Astride his horse, George Washington--
father of his countrymen--
tall, majestic, cast in bronze,
he guards the Public Garden's swans,
benches, and the tulip beds...
with pigeons sitting on his head.


Donna has the Poetry Friday Roundup at Mainely Write.


Friday, July 21, 2017

DAWN: An Original Poem That Needs Revision

melted stars
tucked night in tight
woke the sun,
switched on its light...
then made it shine
into this little room of mine.

I haven't posted for a few weeks. I have been going through a writing "dry spell." It has been frustrating for me. I was on a roll for several weeks working on two different collections--and then my muse went on vacation. That said, I have been really busy caring for my "grandgirls" five days a week. And in summer, I like to take them outdoors...and play with them in the pool. By the time my daughter gets home from work and we finish dinner, I'm rarely raring to write.

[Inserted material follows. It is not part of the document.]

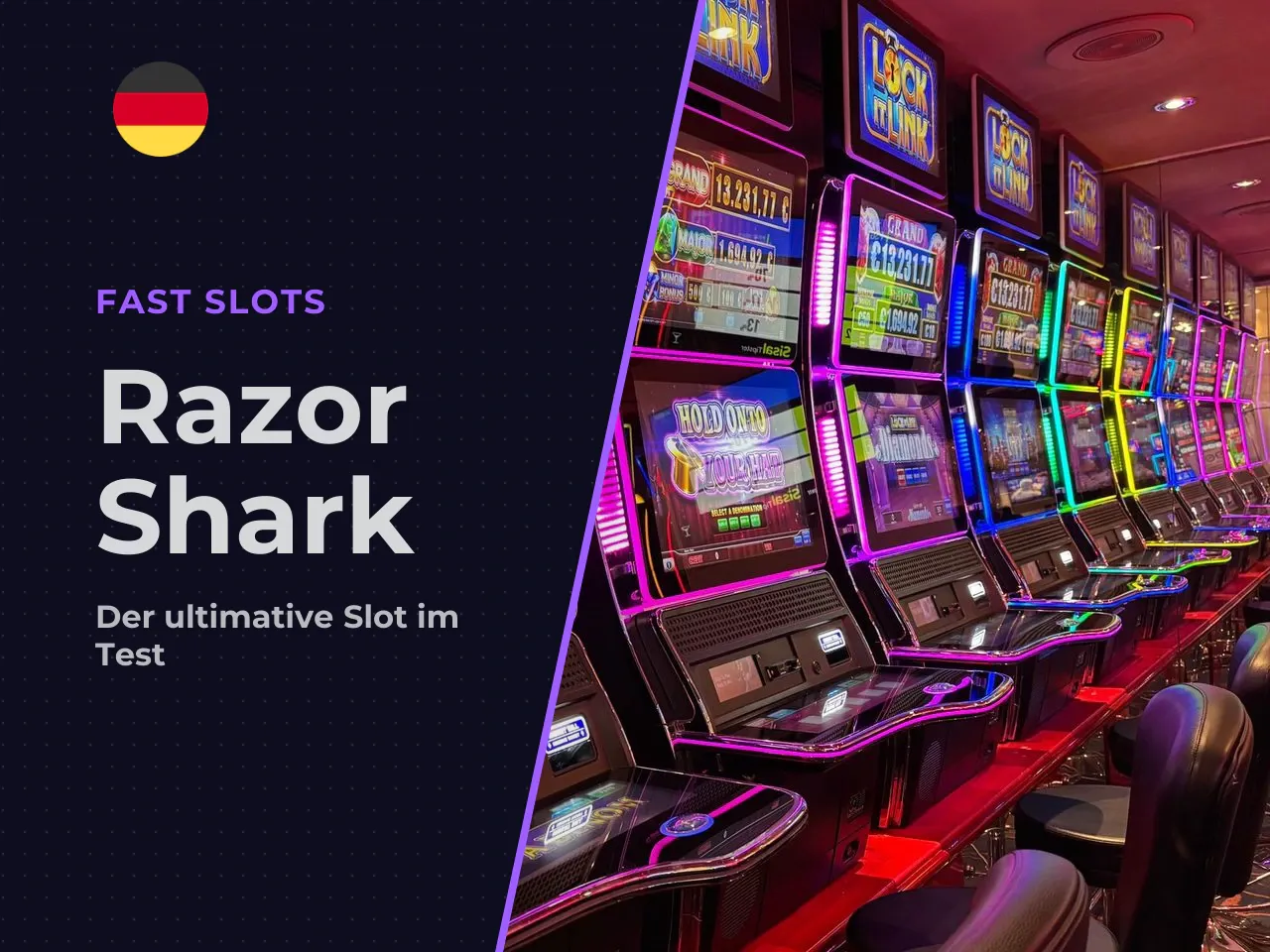Razor Shark von Push Gaming im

Still, I feel so fortunate to be able to spend so much time with my granddaughters. They bring such joy into my life. My daughter is going to take a couple of weeks of vacation this summer--so maybe I'll get into my writing groove once again.


I decided to post the poem about dawn, which I found in a computer folder of poems that I had forgotten about. I know it needs more work--but I wanted to participate in Poetry Friday this week.
Katie has the Poetry Friday Roundup at The Logonauts.

Friday, June 23, 2017

The Case of the Missing Caterpillars

On Tuesday, my husband and older granddaughter spotted some interesting-looking caterpillars munching on our dill plant. My husband, two granddaughters, and I checked them out several times during the course of the day. That night, I counted ten caterpillars on the plant. On Wednesday morning, there were just two left. By Thursday morning, they had all disappeared--even though my husband covered the plant with netting.
Our family was really disappointed. We had so hoped to see them metamorphose into butterflies.

I'm not sure what ate them. I doubt they crawled away on a long-distance journey. We couldn't find them anywhere else in the garden.
Thinking of those caterpillars brought to mind Christina Rossetti's poem Caterpillar.

by Christina Rossetti

Brown and furry
Caterpillar in a hurry:
Take your walk
To the shady leaf or stalk.

May no toad spy you,
May little birds pass by you;
Spin and die,
To live again a butterfly.

My husband and I did some research on the caterpillars. They looked a lot like the larvae of the Anise Swallowtail Butterfly--who like dill plants. I'm not sure, however, that they live here in the Northeast.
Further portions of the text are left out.